Microsoft Systems Architecture
Microsoft Systems Architecture (MSA) is a technology architecture that has been rigorously tested and proven in a partnered lab environment to provide exceptional planning and implementation guidance. It goes well beyond traditional technical white papers by physically building out integrated enterprise scenarios based on the MSA architectural principles and design goals. The end result is a validated architecture that complements the planning, build, test, and operations guidance. As a result, the complete IT life cycle is covered and tested with proven documentation. A trustworthy platform is one that embodies the design goals of availability, security, scalability, manageability, and reliability through adherence to sound architectural principles.The idea is having great software architectures defined. The initiative is new to me but started long back by Microsoft.

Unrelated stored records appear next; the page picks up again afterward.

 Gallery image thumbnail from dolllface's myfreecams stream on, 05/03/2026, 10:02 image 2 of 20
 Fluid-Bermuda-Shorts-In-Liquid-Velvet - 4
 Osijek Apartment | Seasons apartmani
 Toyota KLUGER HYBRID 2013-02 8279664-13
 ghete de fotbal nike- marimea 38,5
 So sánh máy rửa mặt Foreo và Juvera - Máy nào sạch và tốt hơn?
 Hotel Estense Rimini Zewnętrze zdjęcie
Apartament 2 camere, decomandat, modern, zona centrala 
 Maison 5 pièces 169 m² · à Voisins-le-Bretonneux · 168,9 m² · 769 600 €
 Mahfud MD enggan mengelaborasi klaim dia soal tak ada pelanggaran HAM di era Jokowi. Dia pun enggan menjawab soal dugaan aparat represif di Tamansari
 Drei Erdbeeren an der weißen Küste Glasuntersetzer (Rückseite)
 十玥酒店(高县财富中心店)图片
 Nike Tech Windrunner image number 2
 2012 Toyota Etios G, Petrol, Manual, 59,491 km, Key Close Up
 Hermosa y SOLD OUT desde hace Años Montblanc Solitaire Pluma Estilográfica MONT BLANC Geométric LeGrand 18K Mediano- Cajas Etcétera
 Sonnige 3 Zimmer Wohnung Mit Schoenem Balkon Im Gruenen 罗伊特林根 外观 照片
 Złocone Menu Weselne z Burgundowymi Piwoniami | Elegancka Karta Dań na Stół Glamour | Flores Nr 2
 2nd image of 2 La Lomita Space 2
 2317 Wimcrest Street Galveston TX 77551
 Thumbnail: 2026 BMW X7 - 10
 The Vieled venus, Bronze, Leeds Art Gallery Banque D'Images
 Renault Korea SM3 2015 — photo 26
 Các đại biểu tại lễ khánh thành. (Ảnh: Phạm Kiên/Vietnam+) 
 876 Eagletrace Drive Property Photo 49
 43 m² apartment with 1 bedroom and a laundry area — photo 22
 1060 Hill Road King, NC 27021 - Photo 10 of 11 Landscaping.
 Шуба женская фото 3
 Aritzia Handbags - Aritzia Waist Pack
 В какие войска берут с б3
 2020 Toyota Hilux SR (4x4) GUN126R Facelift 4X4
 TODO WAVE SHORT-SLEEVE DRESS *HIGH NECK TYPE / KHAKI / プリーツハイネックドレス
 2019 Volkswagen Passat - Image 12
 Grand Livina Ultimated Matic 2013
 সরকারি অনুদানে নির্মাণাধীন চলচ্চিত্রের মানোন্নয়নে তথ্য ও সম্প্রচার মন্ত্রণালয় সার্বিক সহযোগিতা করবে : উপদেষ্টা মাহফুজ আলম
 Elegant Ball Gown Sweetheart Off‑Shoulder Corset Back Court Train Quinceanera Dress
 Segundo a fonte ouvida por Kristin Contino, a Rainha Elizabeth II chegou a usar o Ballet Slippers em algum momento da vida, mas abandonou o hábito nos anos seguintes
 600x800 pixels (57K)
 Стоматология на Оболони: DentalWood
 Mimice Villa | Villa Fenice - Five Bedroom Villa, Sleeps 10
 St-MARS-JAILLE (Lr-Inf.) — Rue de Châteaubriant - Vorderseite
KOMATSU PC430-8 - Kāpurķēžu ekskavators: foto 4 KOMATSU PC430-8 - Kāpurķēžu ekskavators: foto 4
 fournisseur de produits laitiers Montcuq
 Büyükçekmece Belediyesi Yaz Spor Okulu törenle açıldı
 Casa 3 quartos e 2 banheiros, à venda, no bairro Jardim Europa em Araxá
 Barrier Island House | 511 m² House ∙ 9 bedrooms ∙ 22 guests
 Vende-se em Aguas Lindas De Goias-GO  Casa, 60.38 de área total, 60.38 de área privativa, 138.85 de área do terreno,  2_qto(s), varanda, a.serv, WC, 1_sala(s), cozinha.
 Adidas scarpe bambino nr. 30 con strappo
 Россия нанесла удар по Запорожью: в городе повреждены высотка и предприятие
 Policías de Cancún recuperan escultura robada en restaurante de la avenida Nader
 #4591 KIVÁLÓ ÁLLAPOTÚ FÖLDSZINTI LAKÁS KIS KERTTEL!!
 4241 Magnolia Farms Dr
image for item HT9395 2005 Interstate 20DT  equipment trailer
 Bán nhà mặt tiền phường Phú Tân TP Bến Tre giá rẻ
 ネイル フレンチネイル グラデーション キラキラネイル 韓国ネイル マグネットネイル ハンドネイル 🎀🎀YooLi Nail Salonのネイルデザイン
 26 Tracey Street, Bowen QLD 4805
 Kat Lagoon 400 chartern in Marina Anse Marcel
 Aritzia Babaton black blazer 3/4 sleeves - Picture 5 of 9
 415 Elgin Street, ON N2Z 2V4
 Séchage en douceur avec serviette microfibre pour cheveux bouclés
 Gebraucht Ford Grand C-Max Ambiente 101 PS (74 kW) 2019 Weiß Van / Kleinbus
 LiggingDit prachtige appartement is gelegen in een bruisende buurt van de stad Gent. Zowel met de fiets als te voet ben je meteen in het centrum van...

The business wise division and changes or deviations can be seen over the documentation. Microsoft does not define all of them on their own but the whole architectures are coming from detailed research and testing done with their partners like
Cisco Systems for networking
HP for servers and SAN storage
Unisys for servers
EMC for SAN storage
Brocade Communications for SAN fabric
CommVault Systems for backup/recovery
Emulex for Fibre Channel host bus adapters
More details can found by downloading the documentation on this. The new release of MSA 2.0 is .Net ready. That can be called as the new features over the previous versions of .Net. Offcourse the architecture will not be best for all, but it will be best available with Microsoft Technologies. It is highly customizable but will never recommend IBM WebSphere MQ over MSMQ. So it is our choice how to customize it.